§ The problem
Every line below must be reproduced exactly; no pictures are to be included.

§ The data
########

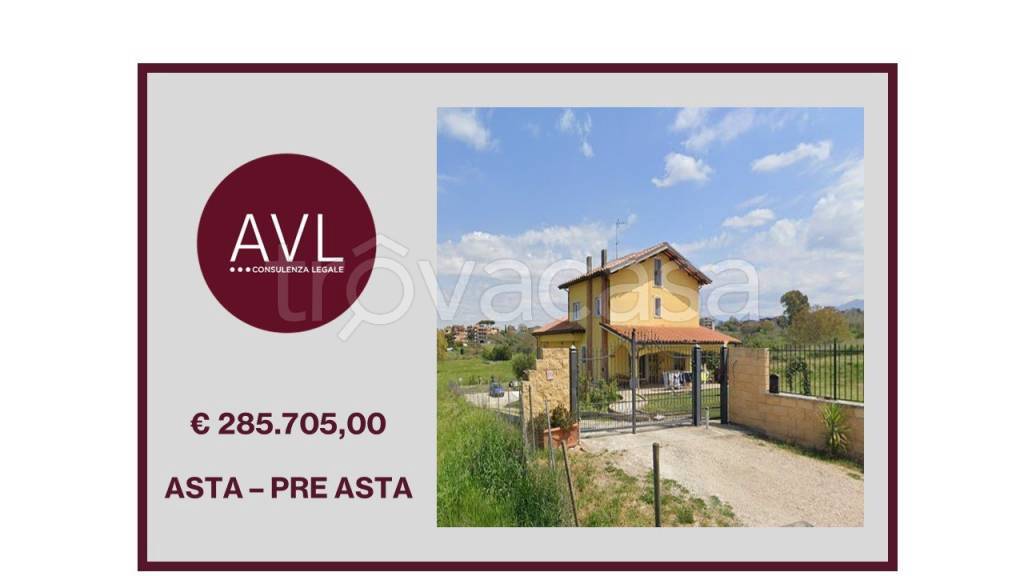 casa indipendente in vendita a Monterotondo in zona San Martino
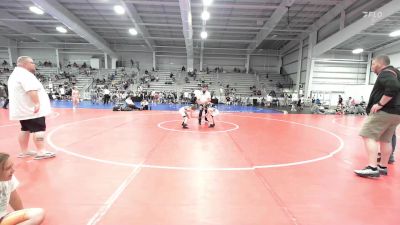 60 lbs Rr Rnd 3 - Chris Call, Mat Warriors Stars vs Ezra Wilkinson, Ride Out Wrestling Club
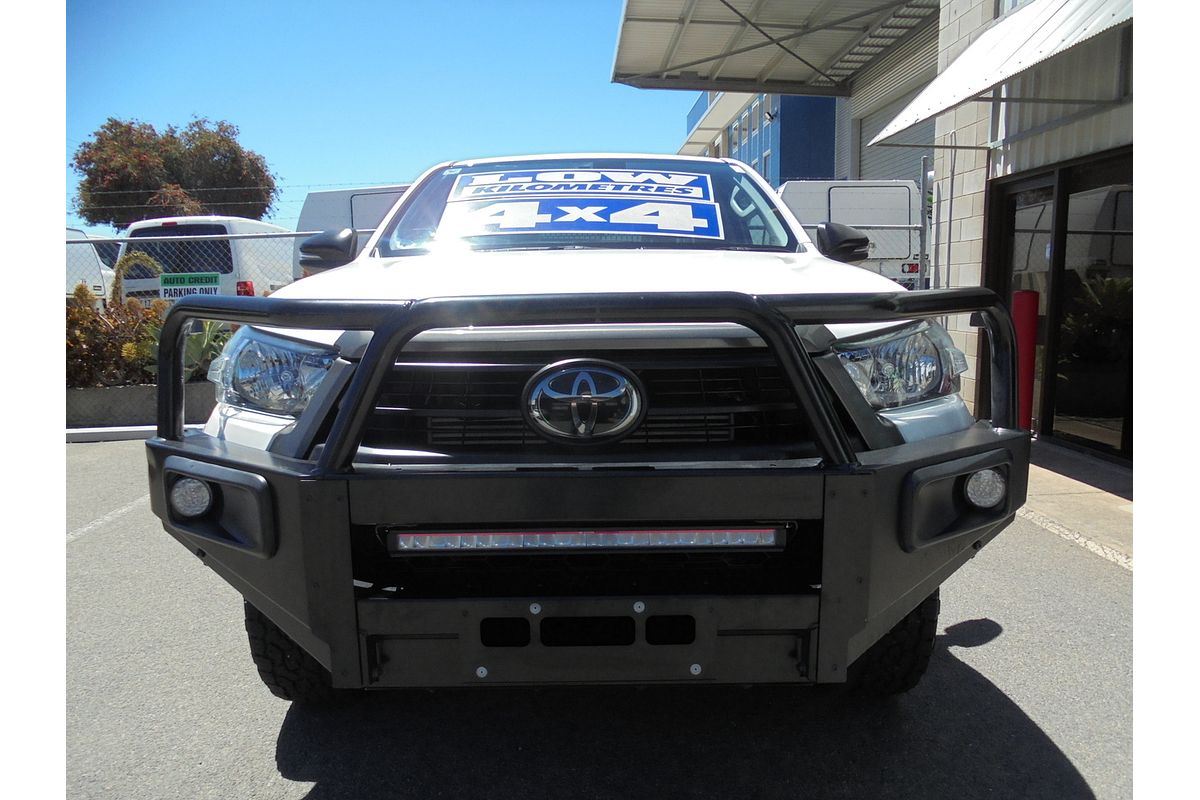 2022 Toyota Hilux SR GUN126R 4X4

########

§ Response for this exercise
 casa indipendente in vendita a Monterotondo in zona San Martino
 60 lbs Rr Rnd 3 - Chris Call, Mat Warriors Stars vs Ezra Wilkinson, Ride Out Wrestling Club
 2022 Toyota Hilux SR GUN126R 4X4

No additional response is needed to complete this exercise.